CUPS forbidding me access to web interface
Hi all, I'm trying to set up CUPS on a Debian Sid system. I have the latest CUPS available via apt-get (1.7.1-6). When I try to browse to the web interface (http://192.168.1.4:631 and https://192.168.1.4:631), I'm getting a HTTP 403 Forbidden error. I am having trouble finding anything which explain how to fix this. Everything I've found so far seems to assume that the web interface will "just work". The server running CUPS has no GUI, so I can't test to see if the web interface works there or not. The changes to the default Debian configuration file: LogLevel debug #Listen localhost:631 #Listen /var/run/cups/cups.sock Port 631 #<Location /admin> # Order allow,deny #</Location> Any assistance will be greatly appreciated. Regards, Tim Lyth
Tim Lyth <tim@timlyth.com> wrote:
When I try to browse to the web interface (http://192.168.1.4:631 and https://192.168.1.4:631), I'm getting a HTTP 403 Forbidden error.
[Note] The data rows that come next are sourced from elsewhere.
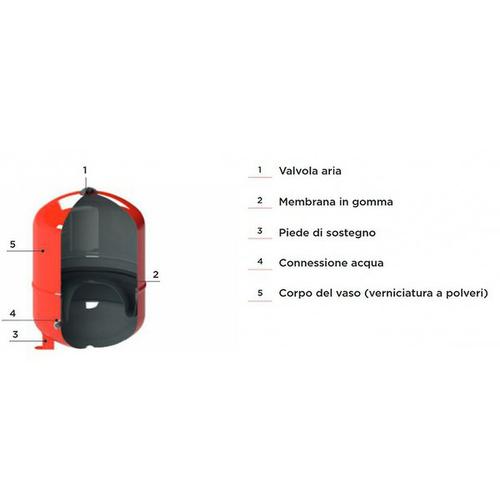 VASO ESPANSIONE LT. 35 3/4" X SOLARE SOLARCE35 Foto 2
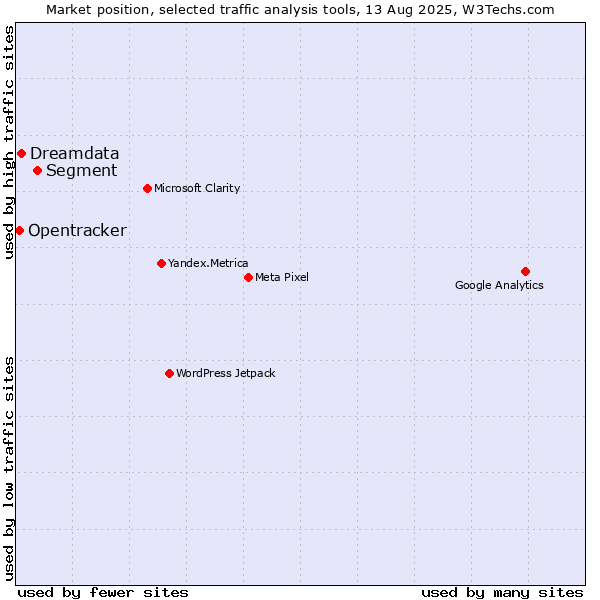 Market position of Segment vs. Dreamdata vs. Opentracker
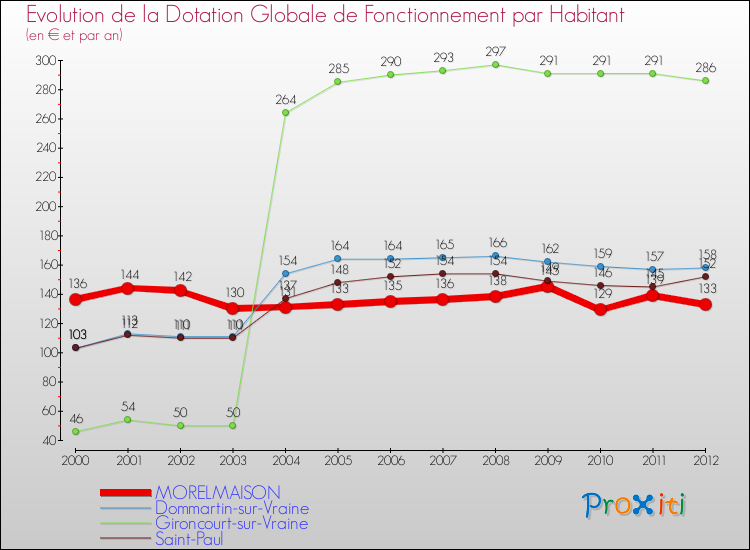 Evolution et montant de la dotation globale de fonctionnement par Habitant pour MORELMAISON et les communes proches Comparaison des dotations globales de fonctionnement par habitant pour MORELMAISON et les communes voisines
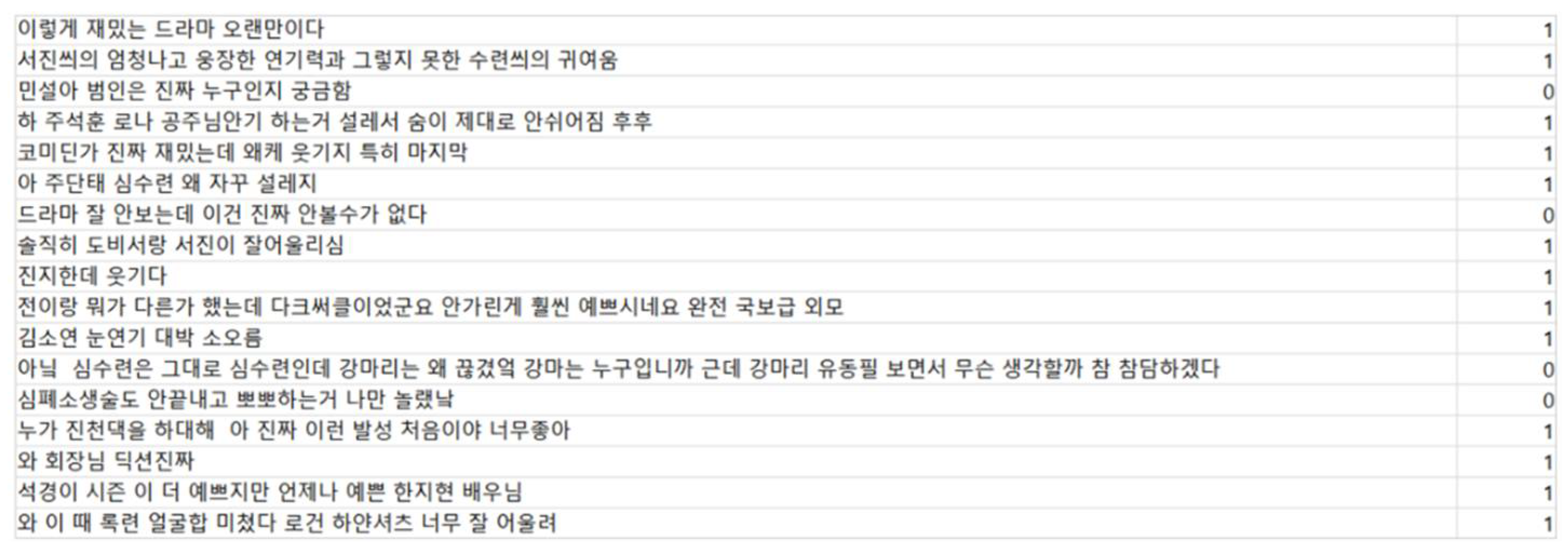 Electronics 11 01284 g006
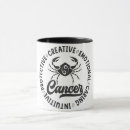 Search for characteristics mugs Astrology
Perhaps there's an access control list in place in the default configuration. Have you looked at the log files on the machine that is running cupsd?
The server running CUPS has no GUI, so I can't test to see if the web interface works there or not.
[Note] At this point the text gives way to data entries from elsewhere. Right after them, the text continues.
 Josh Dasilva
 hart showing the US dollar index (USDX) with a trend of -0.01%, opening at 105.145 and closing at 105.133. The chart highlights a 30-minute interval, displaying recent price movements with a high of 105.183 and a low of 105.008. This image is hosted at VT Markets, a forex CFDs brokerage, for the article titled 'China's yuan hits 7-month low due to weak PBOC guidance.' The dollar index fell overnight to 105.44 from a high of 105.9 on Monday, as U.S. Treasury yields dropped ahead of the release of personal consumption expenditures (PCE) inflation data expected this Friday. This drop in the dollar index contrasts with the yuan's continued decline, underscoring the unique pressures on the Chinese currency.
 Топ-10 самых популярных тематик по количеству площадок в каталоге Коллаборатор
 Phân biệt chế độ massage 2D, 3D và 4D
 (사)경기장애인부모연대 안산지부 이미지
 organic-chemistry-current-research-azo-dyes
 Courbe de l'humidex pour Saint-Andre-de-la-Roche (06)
Of course you can test it. sudo apt-get install lynx-cur && lynx http://localhost:631
On 28/02/14 10:32, Tim Lyth wrote:
The server running CUPS has no GUI, so I can't test to see if the web interface works there or not.
$ ssh -L6631:127.0.0.1:631 root@printserver $ firefox http://127.0.0.1:6631/
Hi Tim, Some config ideas. - Remove "Listen localhost:631" if it exists. - Insert "ServerAlias *" to allow any hostname. - Allow connections from anywhere to test (obviously unsafe). e.g. Port 631 ServerAlias * Listen /var/run/cups/cups.sock <Location /> # Allow shared printing and remote administration... Order allow,deny Allow all </Location> <Location /admin> # Allow remote administration... Order allow,deny Allow all </Location> Cheers, Rob. On 28/02/14 10:32, Tim Lyth wrote:
Hi all,
I'm trying to set up CUPS on a Debian Sid system. I have the latest CUPS available via apt-get (1.7.1-6).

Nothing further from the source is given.